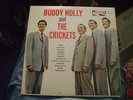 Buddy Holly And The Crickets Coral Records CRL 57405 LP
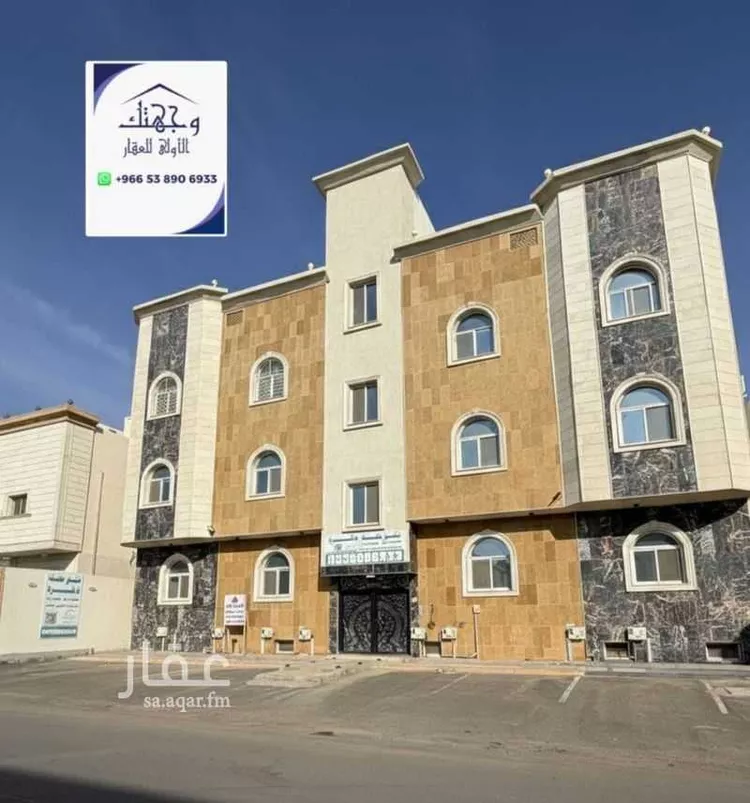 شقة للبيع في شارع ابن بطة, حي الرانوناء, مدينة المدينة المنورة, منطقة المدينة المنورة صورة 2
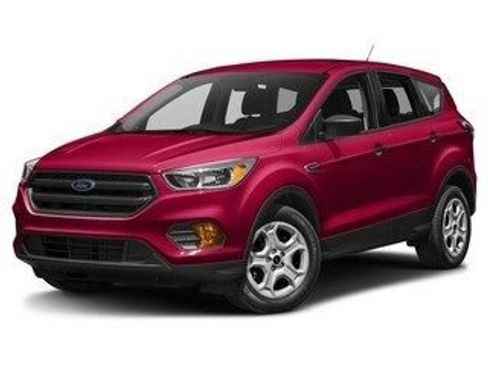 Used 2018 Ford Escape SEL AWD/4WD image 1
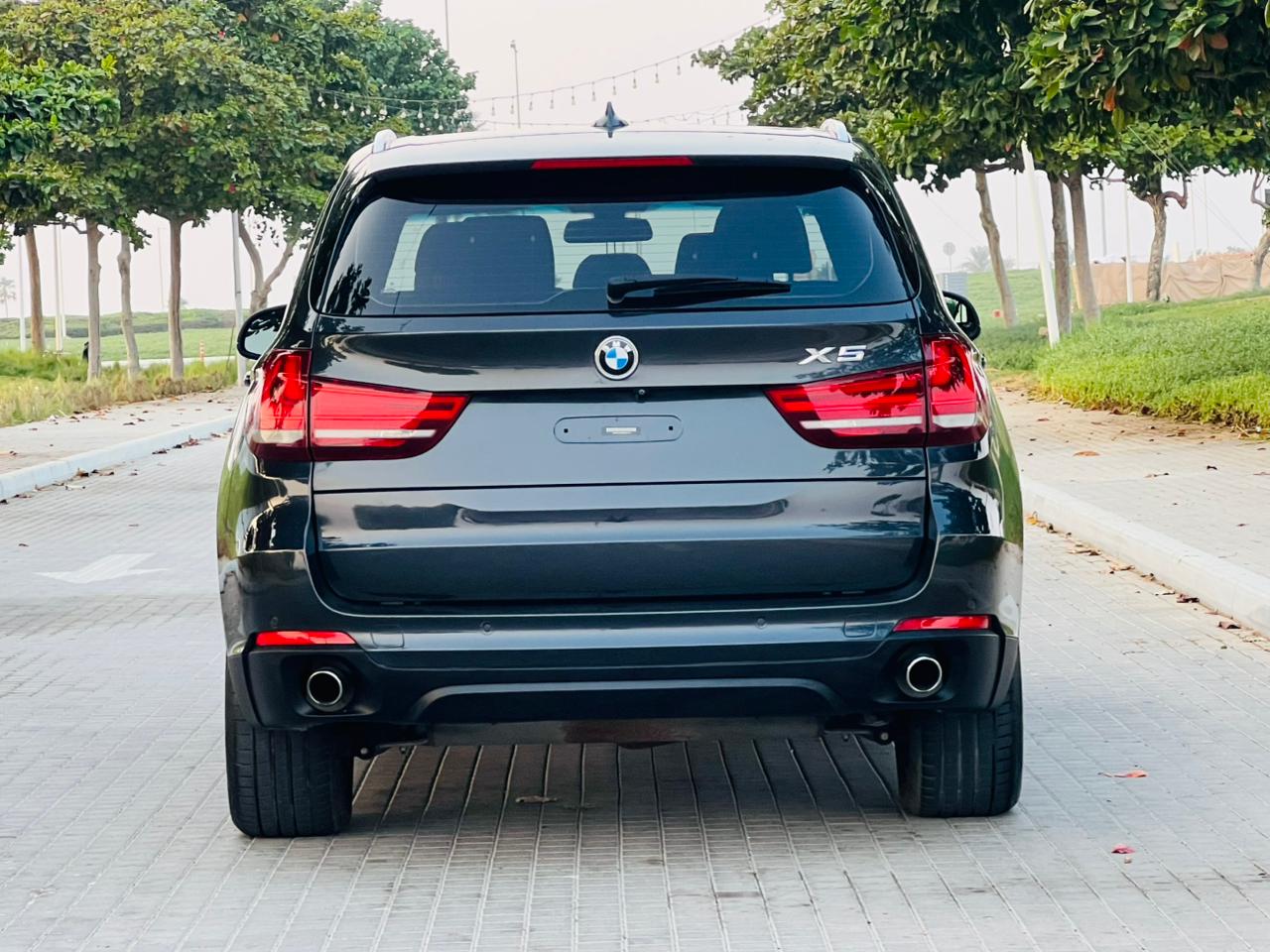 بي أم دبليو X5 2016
* * *
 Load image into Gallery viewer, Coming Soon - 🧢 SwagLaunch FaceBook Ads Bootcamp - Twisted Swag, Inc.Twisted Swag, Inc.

What to work on ▸ Pictures do not belong in the answer. Return the lines above starting at the one with "شقة للبيع في" and ending at the one with "بي أم دبليو X5 2016", both kept, exactly.

Answer section ▸
 شقة للبيع في شارع ابن بطة, حي الرانوناء, مدينة المدينة المنورة, منطقة المدينة المنورة صورة 2
 Used 2018 Ford Escape SEL AWD/4WD image 1
 بي أم دبليو X5 2016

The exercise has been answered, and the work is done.